Con l’esaurimento delle risorse inutilizzate entro la fine di quest’anno, la Fed si trova di fronte a un grande dilemma che è anche il suo momento della verità. Applicare il manuale e alzare i tassi, colpendo una crescita già mediocre per evitare che l’inflazione salga oltre il 2 per cento, o forzare le cose e andare a cercare di proposito un’inflazione del 3 o del 4 per cento?

Janet Yellen continua in ogni occasione a recitare il mantra del 2 per cento come obiettivo di inflazione, ma in cuor suo lo pensa davvero? Ricordiamo che questa Fed ha una colorazione politica decisamente democratica e una preponderanza assoluta di colombe. Ricordiamo anche che esiste un’argomentazione forse discutibile ma non necessariamente politica o ideologica per rincorrere un’inflazione più alta. Avere i prezzi al 3-4 per cento significherebbe infatti, alla prossima recessione, non precipitare immediatamente in deflazione, come invece avverrebbe se i prezzi partissero dal 2 per cento. Potrebbe essere la differenza tra una recessione gestibile e una depressione ancora più grave di quella del 2008.

La Fed, molto probabilmente, farà una scelta intermedia. I componenti del suo direttivo sono persone prudenti e preferiscono evitare di essere accusate di tirare troppo la volata a Hillary Clinton comprando un po’ di occupazione in più in cambio di un’inflazione troppo alta. In pratica la Fed alzerà i tassi entro quest’anno e basterà un rialzo per tacitare molti dei suoi critici per qualche tempo. Più avanti li alzerà ancora, ma in linea con l’inflazione o meno dell’inflazione.
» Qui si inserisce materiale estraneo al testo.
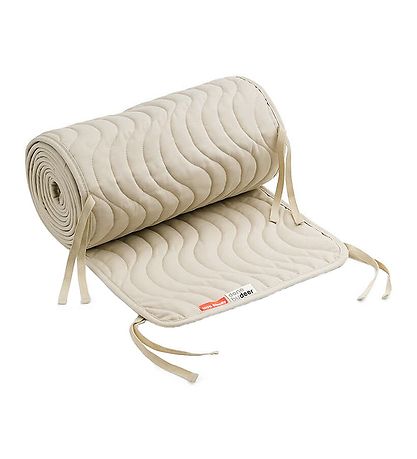 Done by Deer Sengerand - Quilted - Waves - Sand Done by Deer Sengerand - Quilted - Waves - Sand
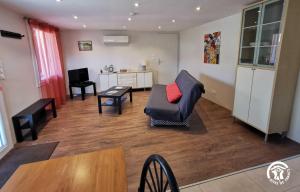 Maisons de vacances Les meuses : photos des chambres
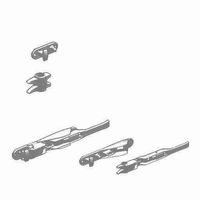 Door gear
I tassi reali a breve rimarranno in ogni caso a zero o negativi, mentre il manuale prescriverebbe, a questo punto del ciclo, tassi reali positivi.
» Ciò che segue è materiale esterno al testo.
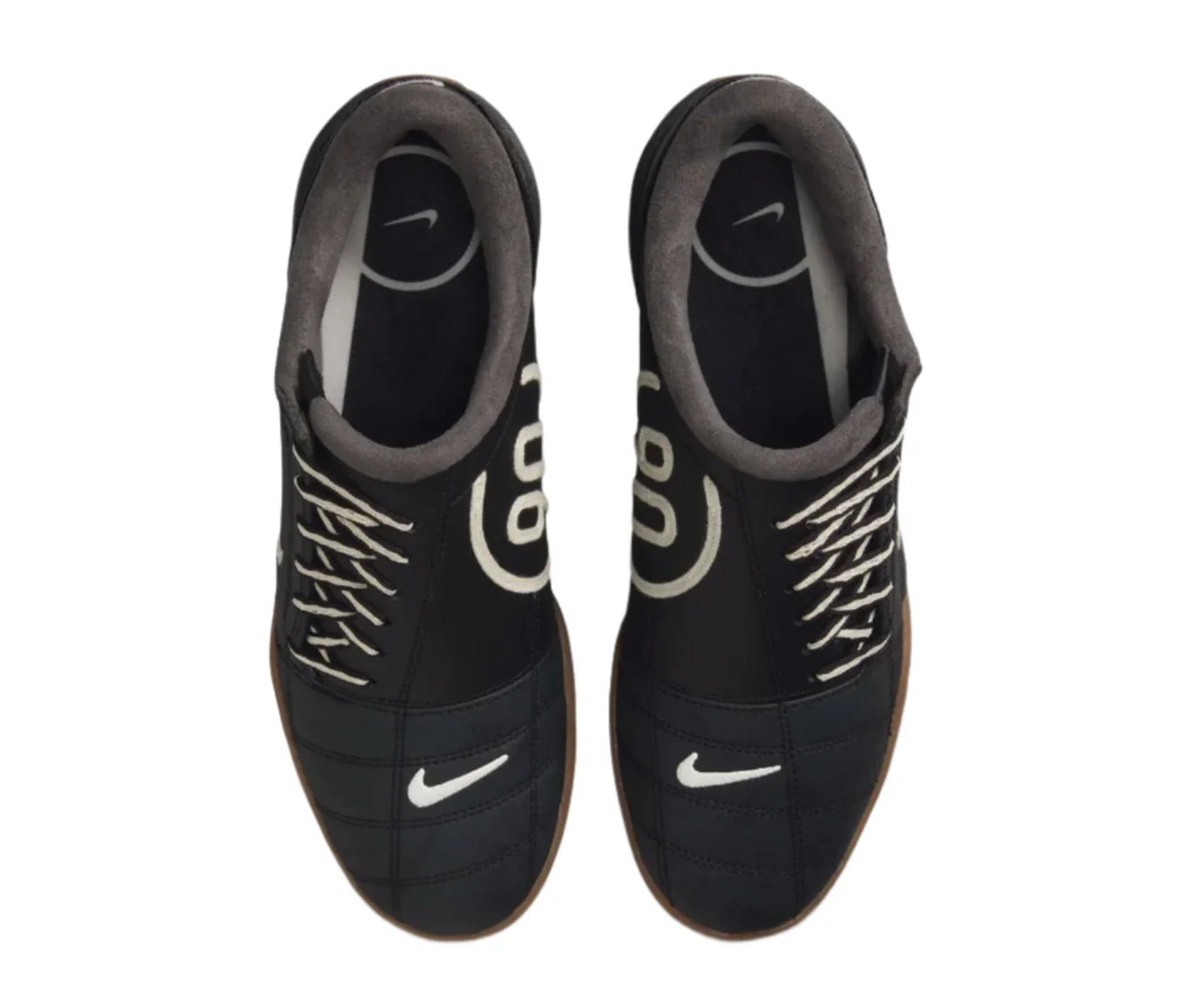 Nike Total 90 3 SP (Black Gum) - Lucid Soles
Una scelta intermedia avrebbe anche il vantaggio di impedire la formazione di una grave bolla azionaria (che si avrebbe se i tassi restassero a zero o vicino a zero troppo a lungo) e di contenere in proporzioni gestibili il bear market obbligazionario (che diventerebbe invece pesante e rischioso, per l’America e per il mondo, se i tassi venissero alzati sui livelli prescritti dal manuale).
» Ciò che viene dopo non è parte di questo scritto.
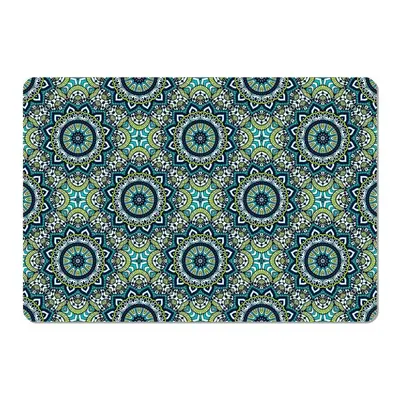 Bertoni Home Unisex's Rectangular Table Pad Anais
Prepariamoci allora a un modesto ulteriore ribasso dei corsi obbligazionari quest’anno e il prossimo, a un azionario americano piatto per il 2015 e a un azionario europeo che sarà in grado entro fine anno di rivedere i massimi di inizio aprile, ma non di andare molto più in là.
Il mondo, insomma è ok, ma non nel senso che diamo noi a Ok (bene) ma in quello che gli si dà in inglese (benino).